Statistical analyses of cell counts were performed with SPSS 16.0 (SPSS Inc., Chicago, IL, US).

Results

Detection of methylotrophic bacteria in the phyllosphere

Methylobacterium communities were characterized in the phyllosphere of two different model plants, A. thaliana and M. truncatula, collected from previously studied natural populations (Bonnin et al., 1996; Pico et al., 2008). The sampling was designed to assess the importance of site and plant species for shaping Methylobacterium communities on plants. Therefore, leaf material was collected from individual A. thaliana or M. truncatula plants and individuals from three to five different surrounding plant species (usually five or six samples per plant species) at different sites (Supplementary Table S1). In the second year, A. thaliana samples were collected at multiple subsites within the five Arabidopsis sampling sites to assess the spatial variation of Methylobacterium communities and to allow a temporal comparison with data collected in the first year. The abundance of methylotrophic bacteria on the leaf material was estimated by serial dilution and plating and showed the presence of pink-pigmented colonies of the genus Methylobacterium (C. K., unpublished) in the majority of samples, whereas no other methylotrophic bacteria were detectable. The mean number of CFU of pink-pigmented facultative methylotrophs per gram fresh leaf material was 5.8 × 106, but up to 2.3 × 108 CFU of pink-pigmented facultative methylotrophs per gram material were detected (Supplementary Figure S2). Similarly, the Methylobacterium-specific ARISA was successful for essentially all samples, thus confirming that these bacteria occur ubiquitously on plants.
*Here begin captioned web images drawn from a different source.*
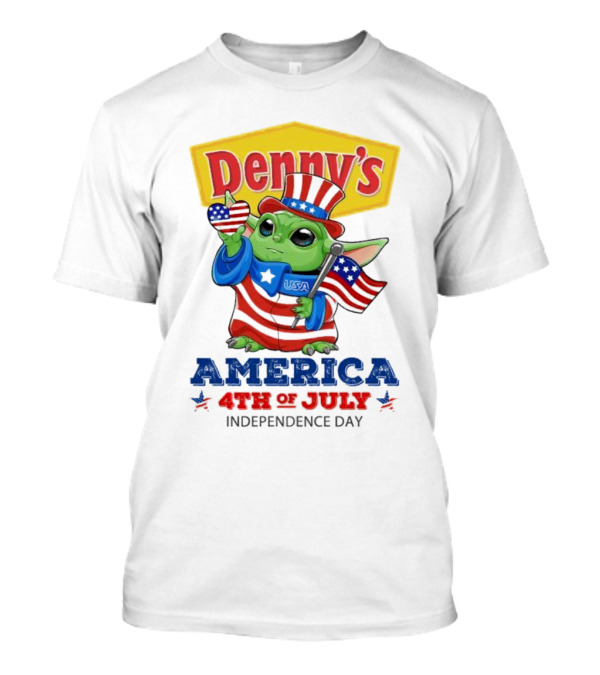 Denny’s Baby Yoda America 4th Of July Independence Day T-Shirt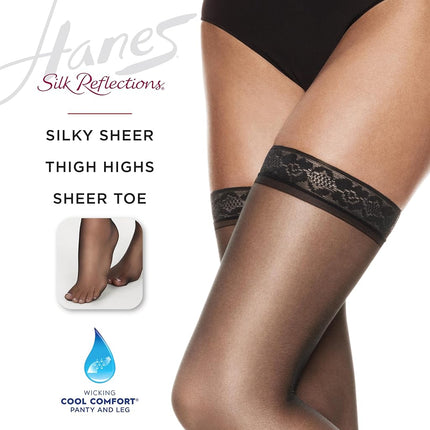 Hanes Women's Silk Reflections Thigh-High Stockings, Barely Black, CD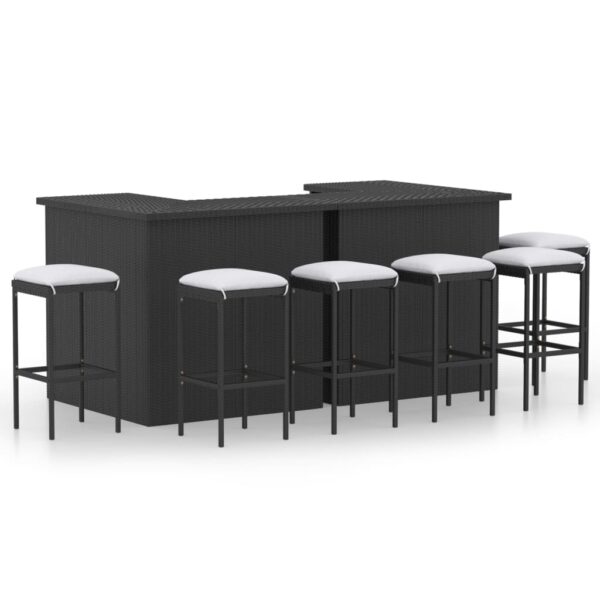 8 Piece Garden Bar Set with Cushions Poly Rattan Black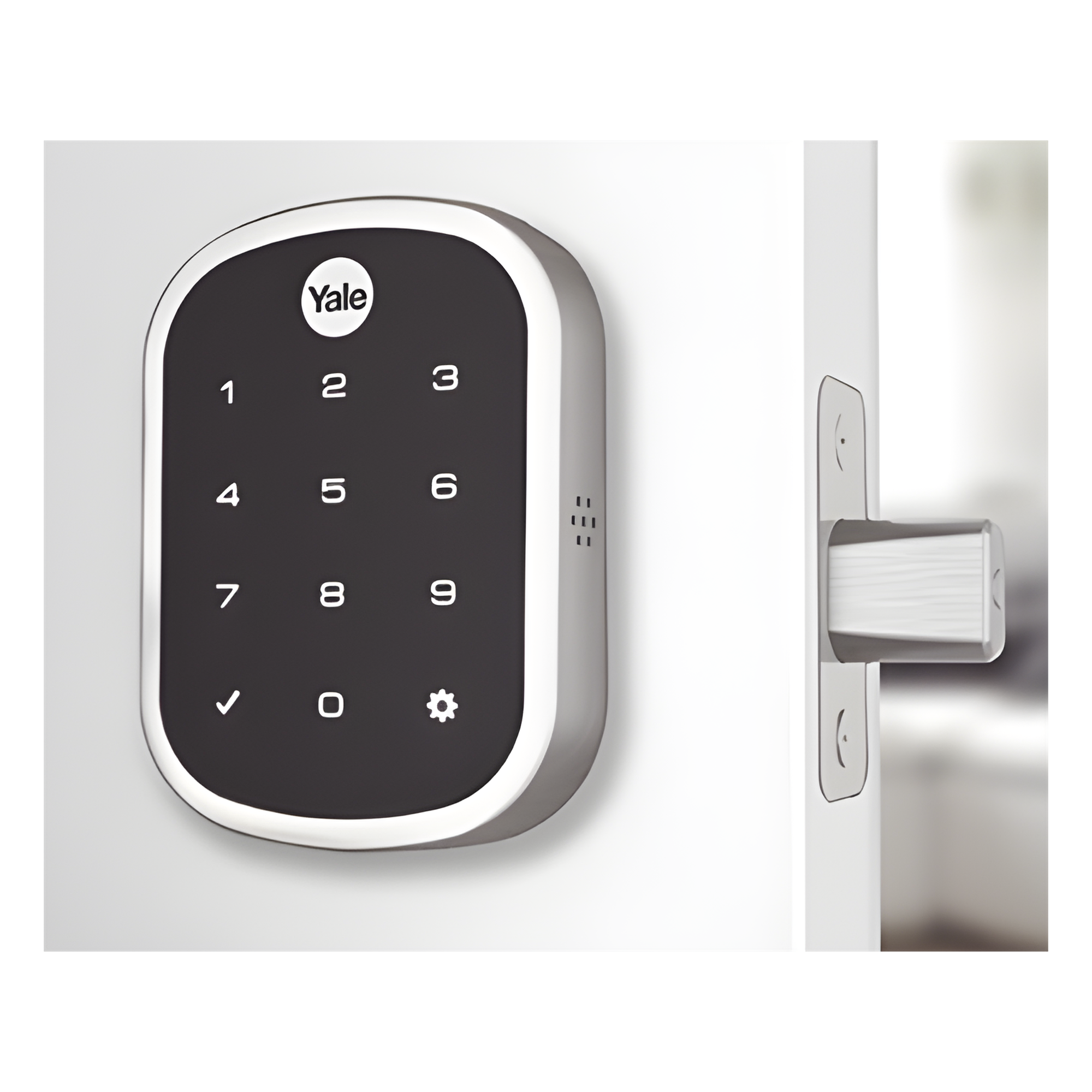 Cerradura electrónica / Teclado PIN / Semi-embutir tubular / Backset 60-70 mm / Puertas 35-57 mm (1.38-2.24 in) / Grado 2 ANSI/BHMA / Z-Wave / HomeKit — YALE-ASSA ABLOY · SKU 89385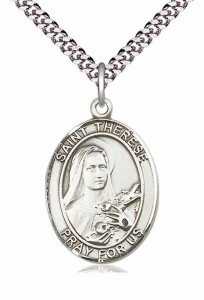 Men's Pewter Oval St. Therese of Lisieux Medal [BLPW216]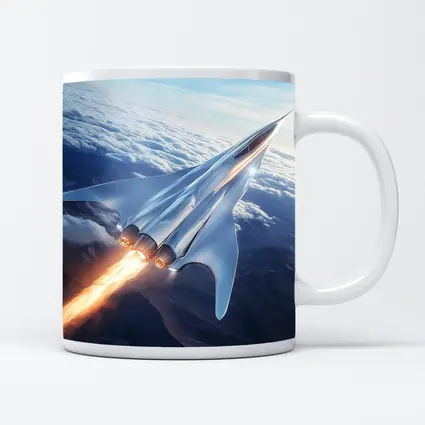 Supersonic Jet Flying Above Mountain Clouds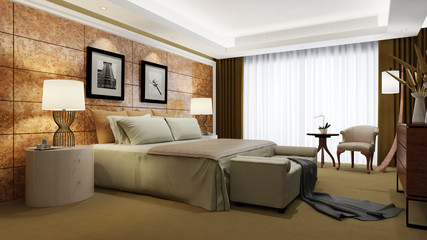 Elegantes Hotelzimmer mit Doppelbett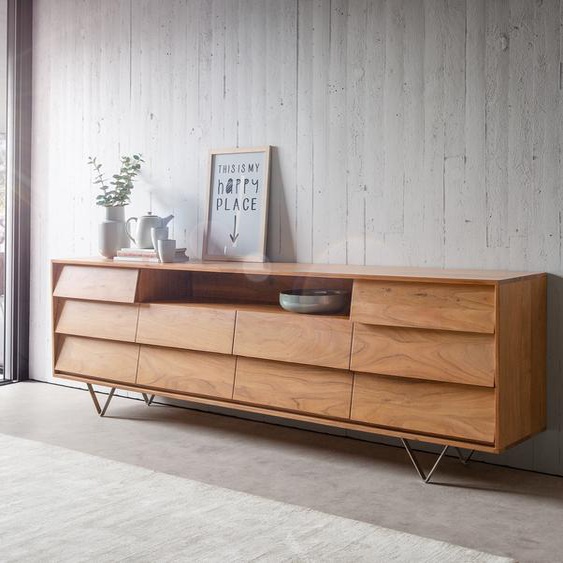 Buffet Eloi 240x40 cm acacia naturel 2 portes 6 tiroirs pied en V inox, Buffets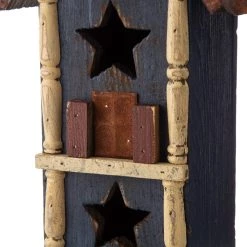 Brand new ⭐ Glitzhome® 13" Solid Wood and Metal Rustic Style Birdhouse 😀 -Glitzhome Sales D266642S 7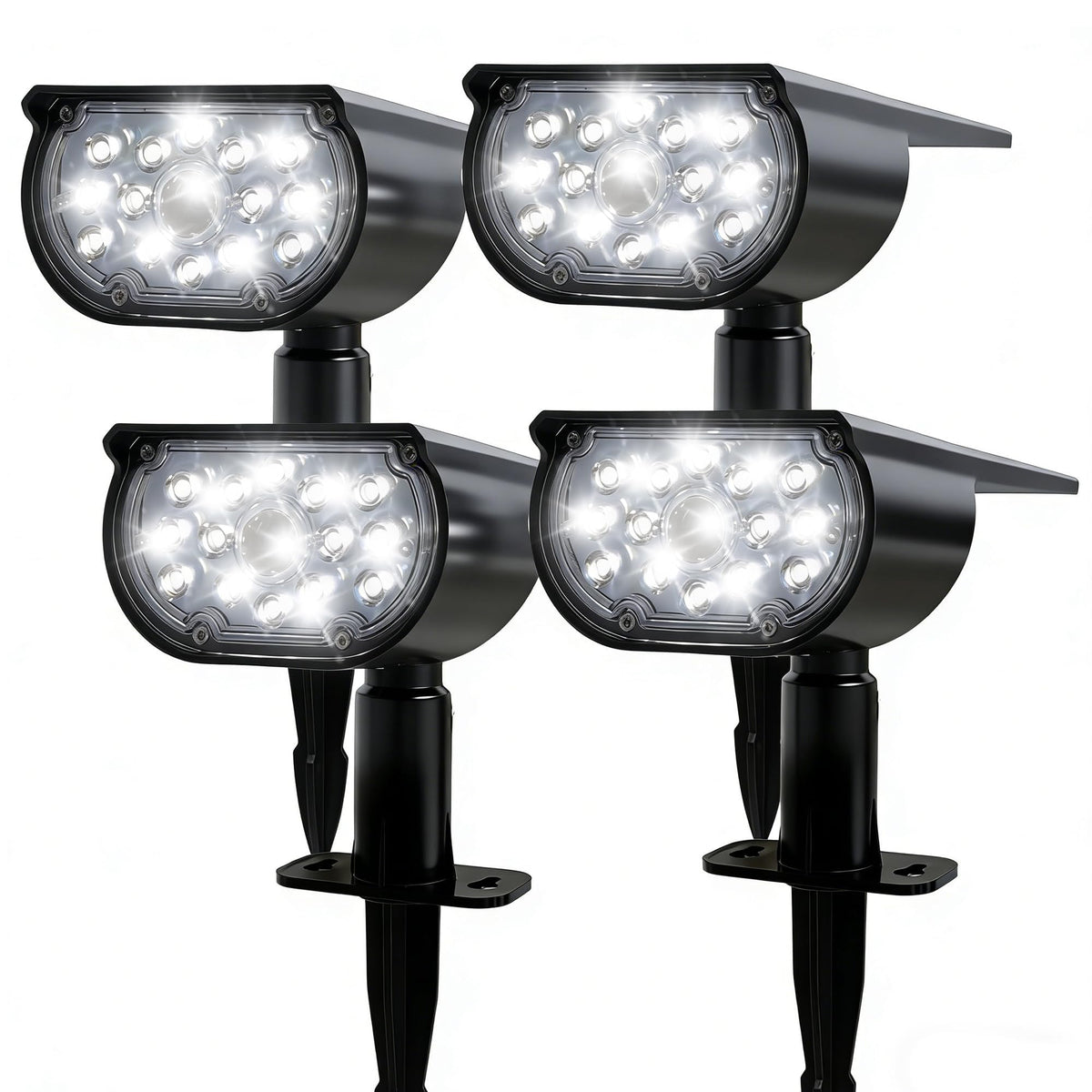 Dazzle Bright solar spot light front view for stylish energy-saving outdoor lighting.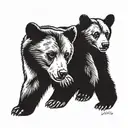 Two bears cubs walking tattoo design idea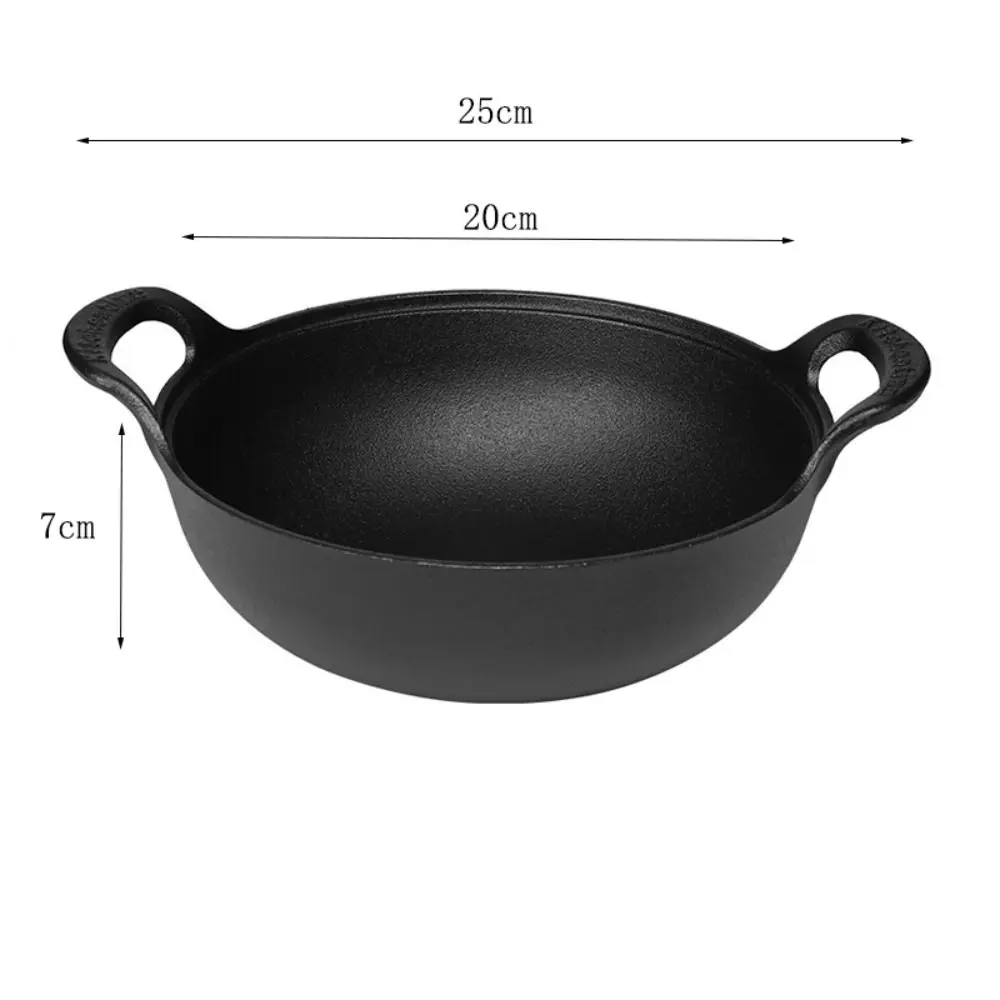 Household With Wood Lid Cast Iron Pot No Coating Binaural Handle Stew Pot Non Stick Japanese Style Soup Pot Home Use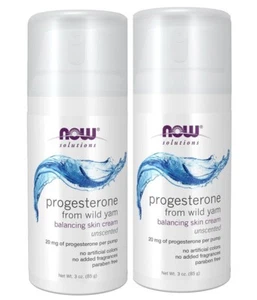 [ 2 Pack ] NOW Foods Progesterone from Wild Yam - Unscented 3 oz Cream - Picture 1 of 3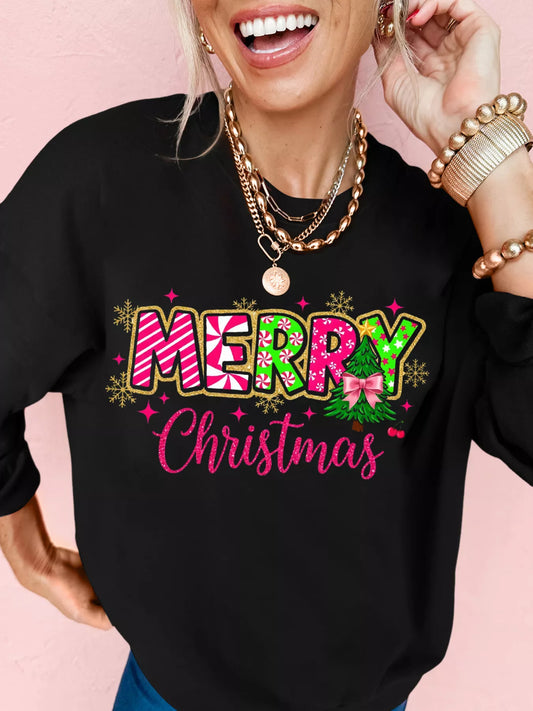 MERRY Christmas Letter Graphic Drop Shoulder Sweatshirt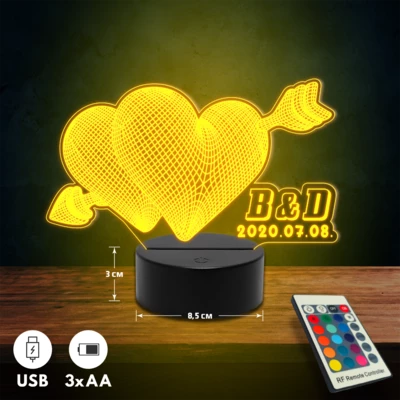 Dupla szív romantikus 3D Led lámpa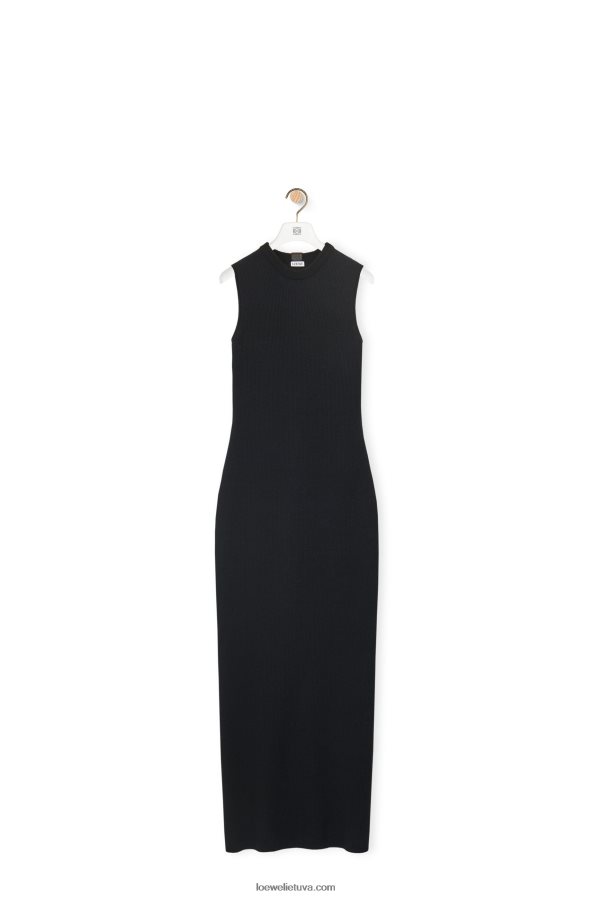 Loewe moterys vamzdinė megzta vilnonė suknelė juoda/navy BZ26XN985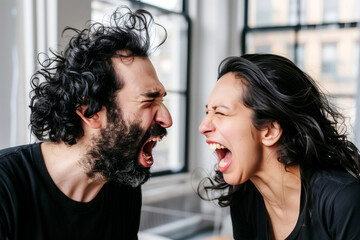 Naklejka premium Angry husband and wife quarrel aggressively, marital problems and potential divorce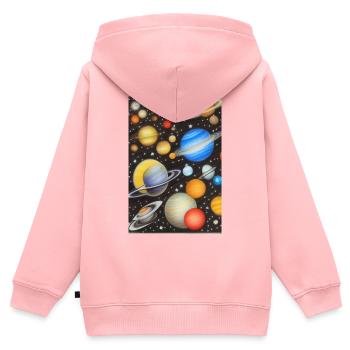 Weltall und Planeten - Kinder Premium Organic Zip Hoodie - Rosa - Hinten - AI Model Kid Female (0cm)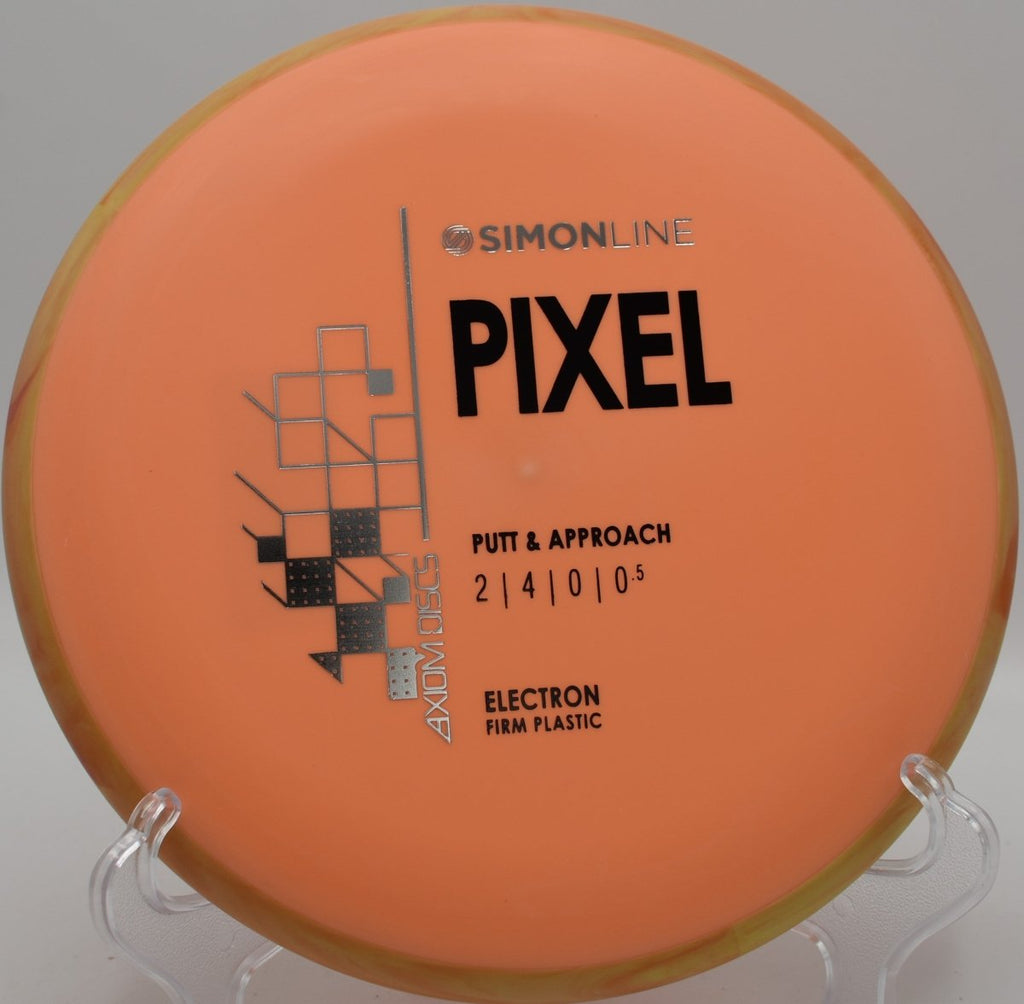 MVP Electron Firm Pixel putter parked under the basket after a hyzer approach at Lake Cunningham Disc Golf Course in Omaha, Nebraska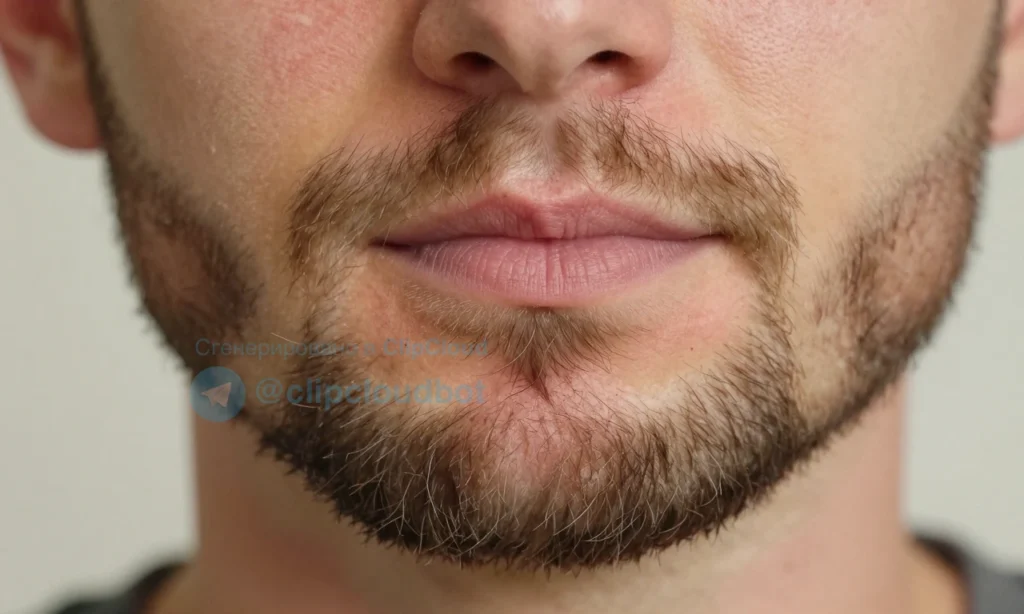A close-up of a man's face with a well-groomed beard, showing subtle dryness and mild redness under the beard hair, with a soft focus on the skin texture; no visible scratching, no flakes, no irritation marks — just a natural, slightly uncomfortable skin condition under facial hair, warm lighting, realistic skin tones, high detail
Influence of plant species, sampling site and abundance of nonmethylotrophic bacteria on Methylobacterium communities on plant leaves

Variation in Methylobacterium community composition and population size on plants collected in the first year was analyzed in relation to the plant species, sampling site and abundance of nonmethylotrophic heterotrophic bacteria by variation partitioning analysis (Figure 1). Most of the variation in the Methylobacterium community composition on plants at the Arabidopsis sampling sites could be explained by the respective effects of plant species (8%) and site (24%), and of their covariation (20%; Figure 1a). The abundance of other phyllosphere bacteria (mean number of 3.4 × 107 CFU per gram fresh leaf material, maximum 7.4 × 108 CFU per gram fresh leaf material; Supplementary Figure S2a) showed no significant effect on the variation in the Methylobacterium community composition, not even as a covarying factor. However, it cannot be excluded that the presence or absence of distinct microbial taxa and thus the microbial community composition may have an influence. In an additional variation partitioning analysis (data not shown), the relative effects of site, plant species and Methylobacterium abundance were compared. This analysis showed that Methylobacterium abundance does not explain variation in the Methylobacterium community composition. This was supported by a correlation analysis calculated on the basis of all A. thaliana samples collected at sites A1–A5, which indicated that dissimilarities in the community composition between individual plants are only very weakly correlated with those in the pink-pigmented facultative methylotroph cell number (Mantel R=0.089, P=0.025).

Figure 1
figure 1

Partitioning of the variation observed in Methylobacterium communities on plants collected at Arabidopsis (a and b) and Medicago sampling sites (c and d) into the effects of sampling site, plant species and abundance of heterotrophic nonmethylotrophic bacteria. Numbers indicate percentages of biological variance being explained by the corresponding multivariate models. Variation was analyzed with respect to Methylobacterium community composition as seen by automated ribosomal intergenic spacer analysis (ARISA) (panels a and c) and population size (panels b and d). Statistically significant contributions of the pure effects are indicated (***P<0.001; **P<0.01).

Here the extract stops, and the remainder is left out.